YOUR ASSIGNMENT |
Copy each line of the following material exactly.

DATASET EXTRACT |
# # # # # # #
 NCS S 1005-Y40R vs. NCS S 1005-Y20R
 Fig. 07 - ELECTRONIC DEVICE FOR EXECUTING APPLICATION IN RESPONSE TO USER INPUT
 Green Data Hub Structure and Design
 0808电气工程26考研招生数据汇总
# # # # # # #
REPLY TO THE TASK |
 NCS S 1005-Y40R vs. NCS S 1005-Y20R
 Fig. 07 - ELECTRONIC DEVICE FOR EXECUTING APPLICATION IN RESPONSE TO USER INPUT
 Green Data Hub Structure and Design
 0808电气工程26考研招生数据汇总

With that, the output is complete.